Just in case you were comatose yesterday, the Supreme Court upheld Obamacare on entirely unconstitutional grounds.

How was it entirely unconstitutional/illegal/immoral?

Because Chief Justice John Roberts made the asinine decision that even though the Obama administration and Congress itself pushed the individual mandate as a penalty and not a tax, that it could somehow be construed as a tax. They allowed the Justice Department’s lawyers to argue both for the penalty and the tax, allowing them to contradict themselves.

So, now we’re forced to buy a good, even though we may not want to. The Commerce Clause wasn’t even invoked or approached, but since Congress has the power to levy taxes, they can tax us for things we don’t purchase.

It’s seriously that stupid.

But what are to expect from people in authority?

They are, after all, people. People are, by nature, corrupt. Roberts, whether he wanted to be acclaimed by the New York Times or whether he didn’t want to seem activist (and ended up becoming an activist judge anyway) or whether, as Michael Savage contended, he was affected by his epilepsy medication, is just as and yet no more corrupt in his nature than Barrack Obama, Eric Holder or even my beloved Ronald Reagan.

He also knew how corrupt Thomas Jefferson was.

The thing Christians, whether they fall onto the conservative or liberal side, have absolutely failed at recognizing is that in the end, however you manipulate the government into controlling people is now what matters.

It matters in that humanity was created with an inherent longing for freedom, and governments should be held accountable, but when was the last time you saw Christians geek out over the fact that people are dying and going to hell in a similar fashion to a Tea Party protest?

Those of you who know me know that I’m a staunch libertarian-leaning conservative.

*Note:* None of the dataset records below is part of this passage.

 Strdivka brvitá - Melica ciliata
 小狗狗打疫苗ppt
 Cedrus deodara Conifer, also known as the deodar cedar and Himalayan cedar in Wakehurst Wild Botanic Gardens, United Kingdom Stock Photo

I will fight you for my gun-carrying rights, voting rights, property rights, etc. What I personally have sucked at is showing off what Jesus has done.

What he’ll do in the future is pretty hardcore as well.

I love politics. I love baseball. I love music.

I say I love Jesus. I just suck at it. A lot. Even though that’s ultimately the only thing that actually matters.

Christians in America have gotten spoiled in that the gospel is assumed nowadays. That needs to stop immediately.

We need to stop relying on government and BS group salvation theologies (even if it’s subconscious) and start trusting in Jesus. He won’t let you down.

And even if everyone manages to officially hang out with Jesus, we still shouldn’t rely on the government. They’re still people, and people do stupid things. They will let you down.

So, yes, be pissed off about the horrendous decision offered yesterday, but there are much bigger things at stake here. Keep those at the forefront.